Para Chiodi, “Humanae Vitae, como qualquer encíclica, incluindo Veritatis splendor, é um documento oficial, mas sem pretensão de infalibilidade”.

Veritatis splendor é a encíclica do papa são João Paulo II sobre “algumas questões fundamentais do ensinamento moral da Igreja”, publicada em 1993. “De fato, formou-se uma nova situação dentro da própria comunidade cristã, que experimentou múltiplas dúvidas e objeções de ordem humana e psicológica, social e cultural, religiosa e até teológica, a propósito dos ensinamentos morais da Igreja”, diz a encíclica.

“Quando se trata de Humanae vitae, e da posição anterior contida em Casti connubii (Encíclica do papa Pio XI publicada em 1930) – que era ainda mais forte – estamos no reino da doctrina reformabilis (‘doutrina reformável’)”, disse Chiodi.
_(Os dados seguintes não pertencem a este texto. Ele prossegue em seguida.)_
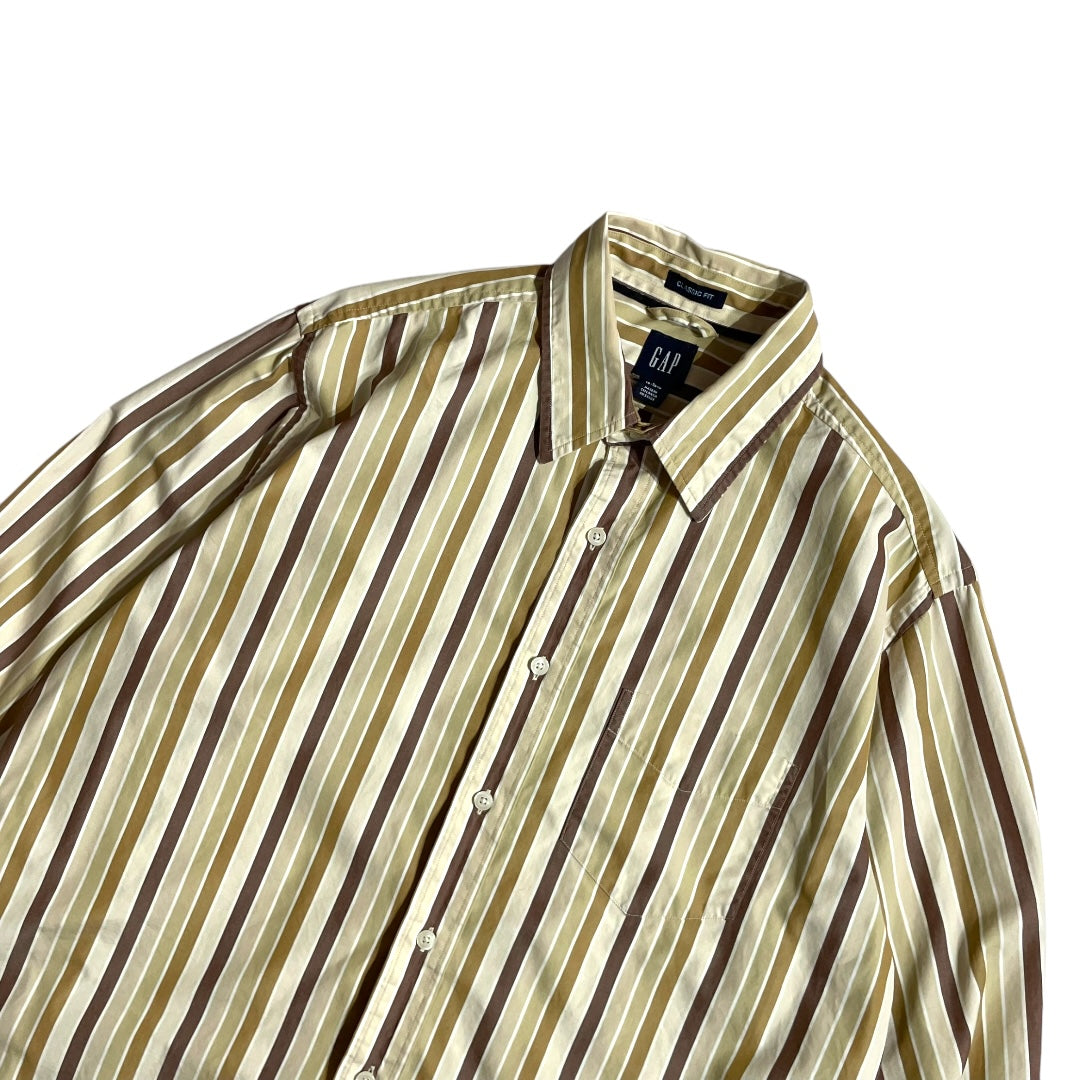 【USED】GAP L/SL Stripe Shirt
“Isso”, acrescentou, “não legitima a substituição apressada do magistério por uma ideia própria, reivindicando para si uma infalibilidade negada ao magistério, mas abre a discussão teológica, dentro da Igreja, e até a possibilidade de dissidência, tanto para o crente individual quanto para o teólogo”.
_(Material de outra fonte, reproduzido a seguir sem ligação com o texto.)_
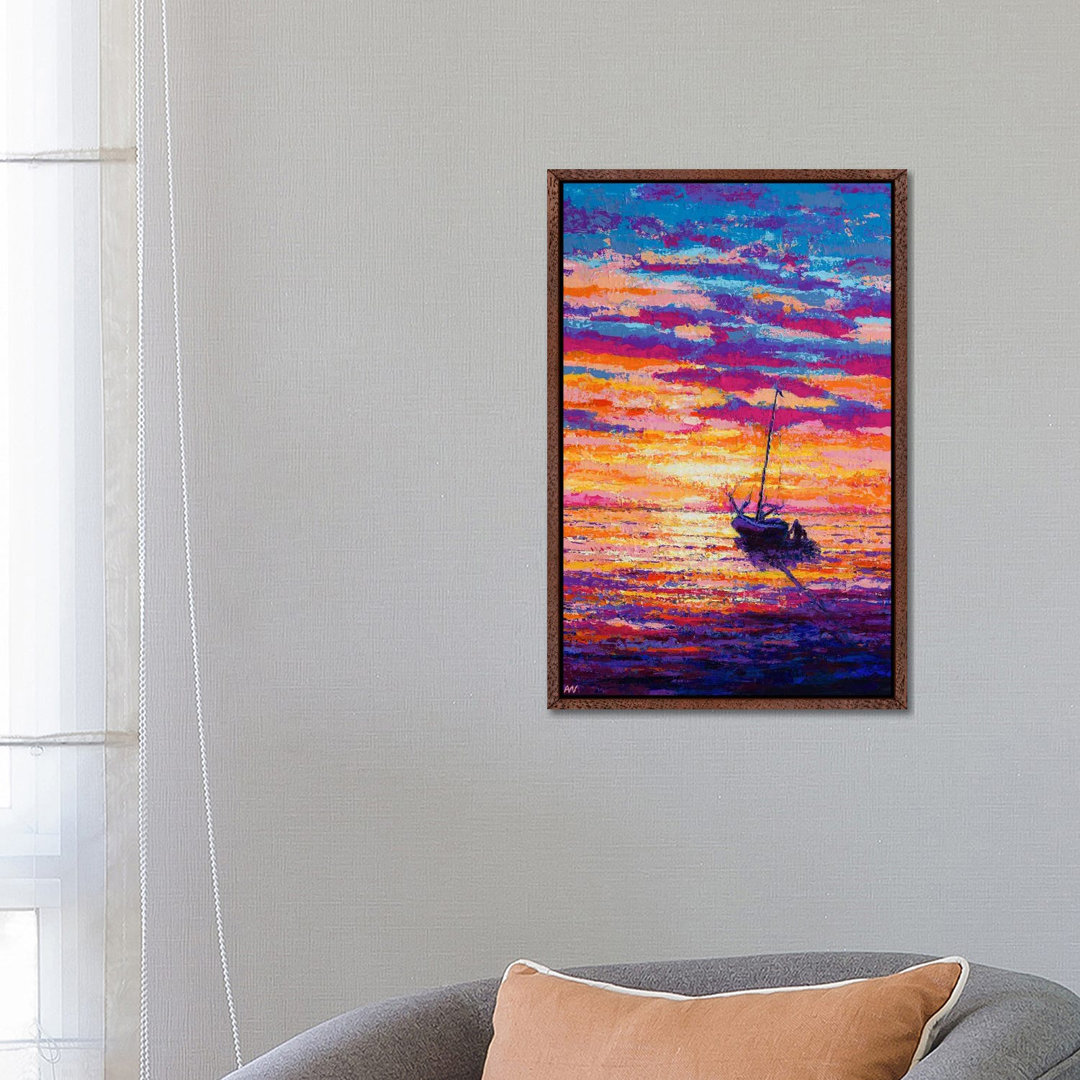 Sunset Sail von Anne-Marie Verdel - Galerie-verpackte Leinwand Giclée auf Leinwand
Em sua entrevista, o padre Chiodi afirma que “a contracepção é considerada um ato intrinsecamente mau”. Ele continua: “Acredito que não devemos negar a existência de atos intrinsecamente maus, mas que precisamos pensar juntos sobre o que é um ato em sua origem, superando uma interpretação objetivada dele, ou seja, aquela que é independente de qualquer circunstância, efeito e intenção nas ações dos envolvidos”.

Veritatis splendor defende exatamente a ideia de que alguns atos são intrinsecamente maus, isto é, independem das circunstâncias ou situação da pessoa que o pratica. A ideia de que nenhum ato é objetivamente mau é a base da moral de situação ou moral proporcional, tese defendida por muitos teólogos na época do Concílio Vaticano II (1963-1965).
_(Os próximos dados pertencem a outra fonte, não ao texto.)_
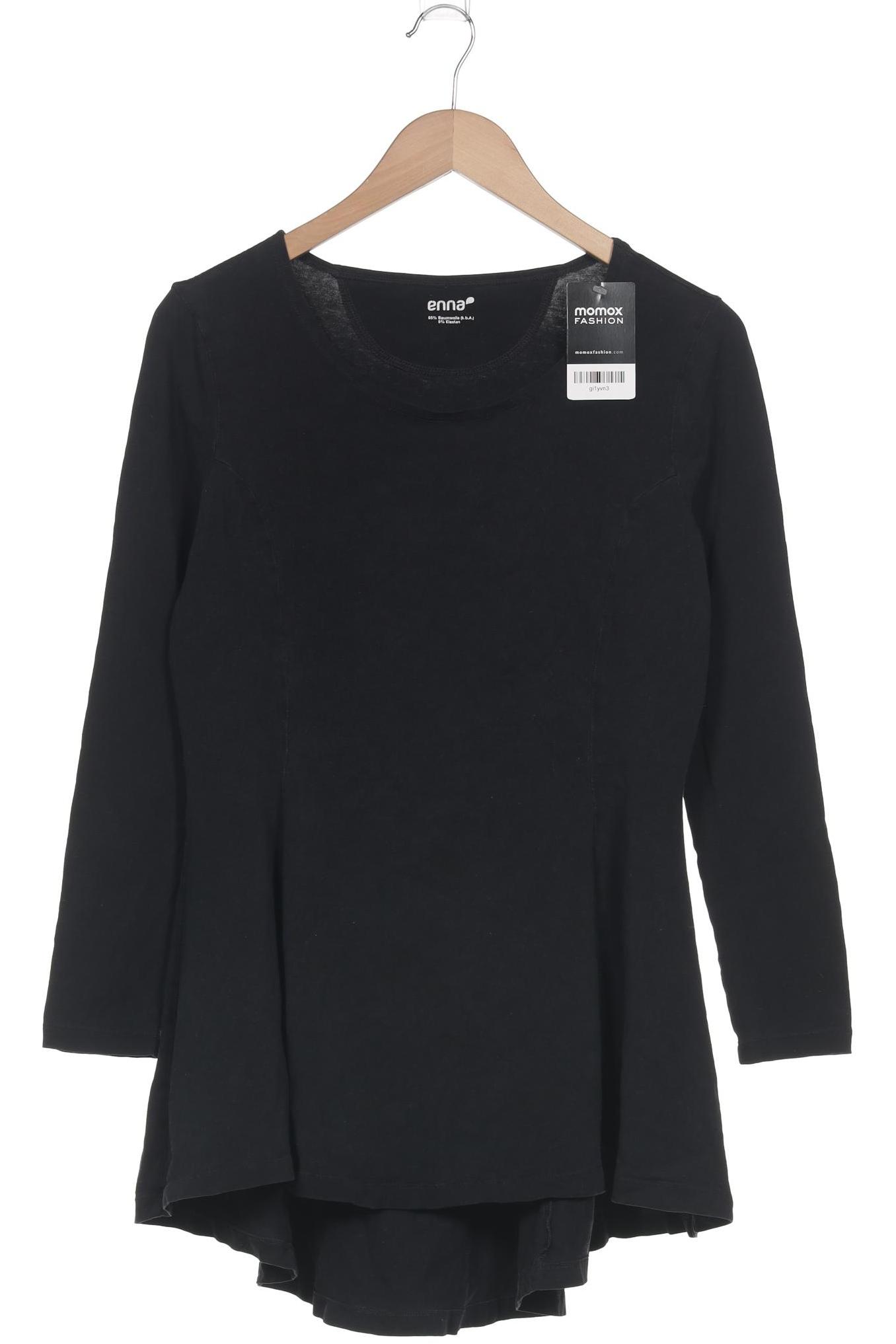 

Enna Damen Langarmshirt, schwarz, Gr. 40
Desde 2019, Chiodi é professor do Pontifício Instituto João Paulo II para as Ciências da Família e do Matrimônio. Um de seus cursos é “Ética Teológica da Vida”.

Em dezembro de 2017, ele fez uma palestra sobre Humanae vitae, na qual usou o capítulo 8 de Amoris laetitia, exortação apostólica do papa Francisco sobre a família, para argumentar que a contracepção artificial poderia ser usada em algumas circunstâncias.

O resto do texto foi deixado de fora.